The Wizards have lacked this ability in a shooting guard for a while and it should immediately pay dividends for them. Opposition defenses know all about the threat of Wall, so the addition of Beal to the lineup adds an extra dimension when running offensive plays.
Prior to—and after—the Wizards selected Beal in the draft, BulletsForever.com ran a comprehensive piece on how to best utilize Beal’s talents with the Wizards’ lineup.
Using data from CBSSports.com shot charts—and videos from 2011 Wizards plays—the article cited the decoy pick and roll and double screens from the horns set, easing Beal into the NBA with open jump shots from the top of the arc.
Beal is effective in space with or without the ball, so he can stretch the floor for Wall as well as providing an extra shooting threat on pick-and-roll variants. It’s this type of designed play that will help him early on in his career.
Control Games from the Outset
Washington allowed 98.4 points per game last year, while only scoring 93. The cause for hope came from the six-game win streak it enjoyed at the end of the year.

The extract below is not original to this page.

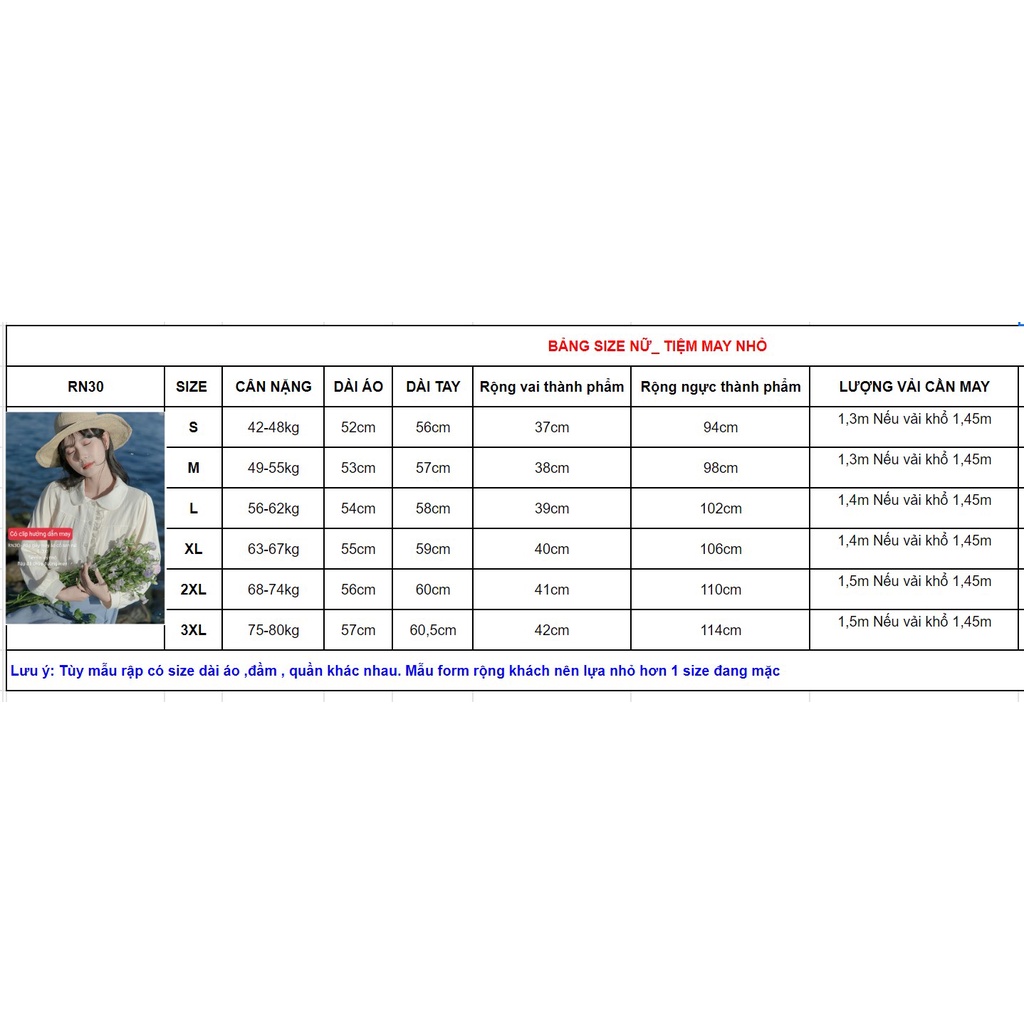RN30_Rập giấy may áo  cổ sen nữ
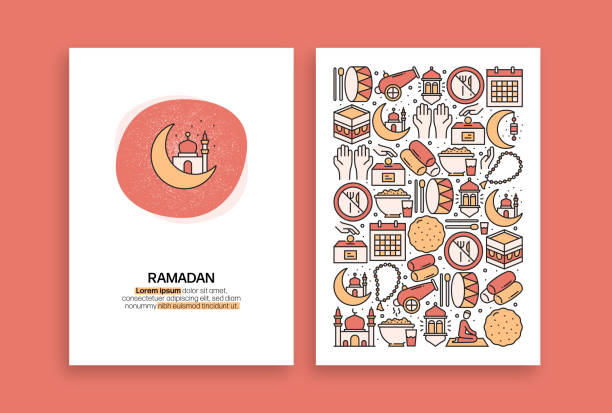 Ramadan Kareem Related Design. Modern Vector Templates for Brochure, Cover, Flyer and Annual Report. Ramadan Kareem Related Design. Modern Vector Templates for Brochure, Cover, Flyer and Annual Report. fasting activity illustrations stock illustrations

Yes, it may have been dead time for a lot of teams, but over the last three games the Wizards put up an average of 100.3 points per game (good for fourth in the NBA) and conceded 76 (first, via TeamRankings.com).
This is the future that the Wizards are aiming for. The veteran presence of Emeka Okafor and Trevor Ariza gives the team a stout defensive mindset, as well as a further change in the locker-room culture.
The fitness of Nene remains a necessity for low-post success—the team went 7-4 with him in the lineup—but Wall is the player on whom Washington has its future pinned. The addition of Beal gives him another player with good instincts for the game and a quick mind.
Despite being just 19, Beal’s on-court demeanor is impeccable. He doesn’t get rattled and shows no visible signs of frustration should his shooting go awry. In the Summer League, he showed that he is just as happy setting up his teammates as he his shooting the ball.
This sort of versatility allows a team to run multiple variations on offense, without getting tied down to a pattern by the opposition. It’s unrealistic to expect NBA defenses to fall for the same play many times over, so the offense needs variation to make the best use of each possession.
Too often last year, the Wizards were chasing a large deficit by the fourth quarter. This is partly because the offensive plays would become predictable, inevitably leading to turnovers or speculative efforts for three.
As a result of having little support, Wall would try to do too much, again leading to turnovers or contested pull-up jumpers. The pace and versatility of Beal means that Wall has the perfect counterpoint to his own explosiveness.
With a Wall-Beal combination, the Wizards can take control of games in the first quarter with quick points and build up a lead they can defend. From there, they can run the game their own way, setting screens and running decoys that utilize the whole court and stretch the play.
A team is never in control of the game when chasing a deficit. Beal gives the Wizards an extra dimension on the court that allows them to widen the playbook, compete for possession and ultimately win more games.